Please reproduce the lines from the one containing "Women's Samia Tank in Marshmallow" through the end of the data below exactly as they stand, and omit all pictures.

[DATA]:
▶
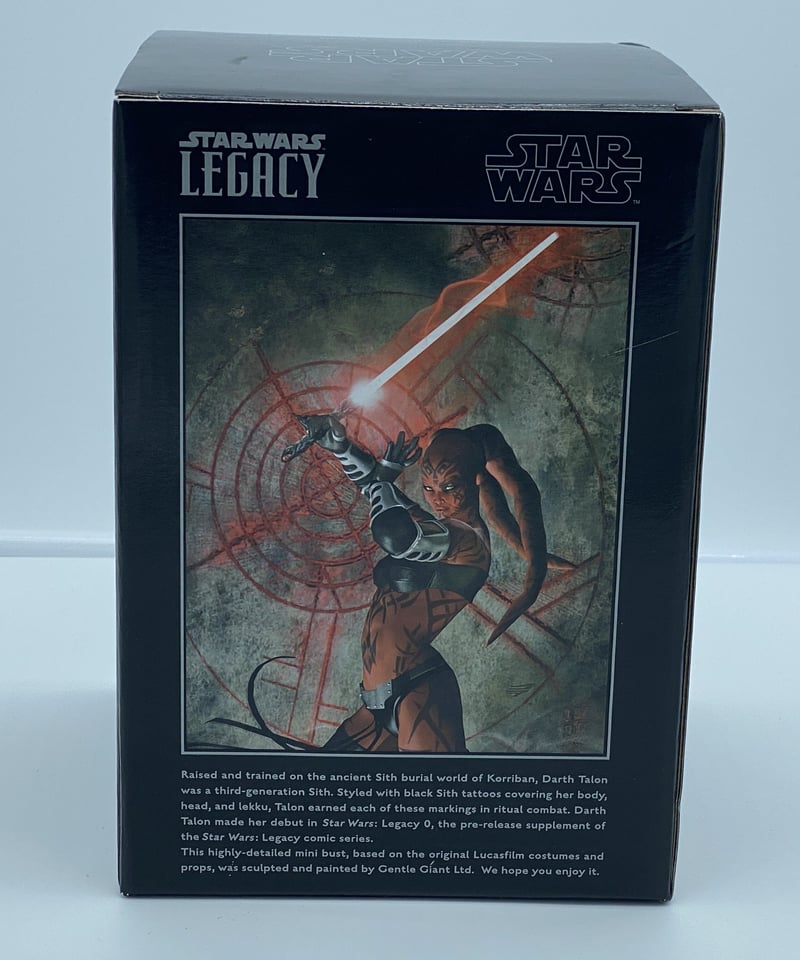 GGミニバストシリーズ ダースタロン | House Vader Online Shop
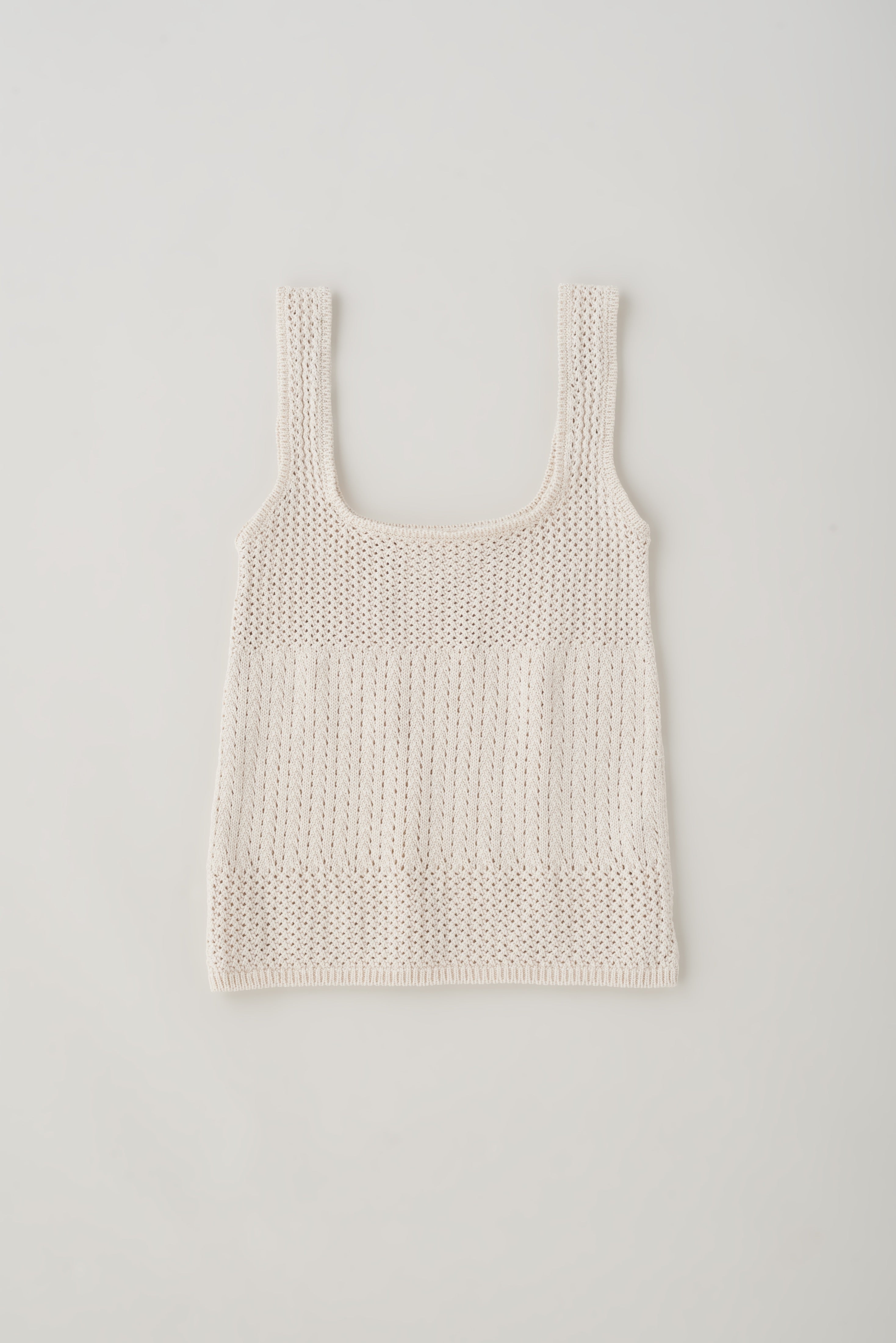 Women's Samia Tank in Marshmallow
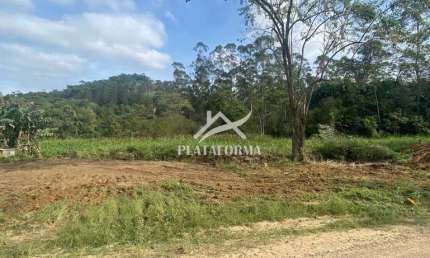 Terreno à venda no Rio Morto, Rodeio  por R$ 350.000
◀
[YOUR RESPONSE]:
 Women's Samia Tank in Marshmallow
 Terreno à venda no Rio Morto, Rodeio  por R$ 350.000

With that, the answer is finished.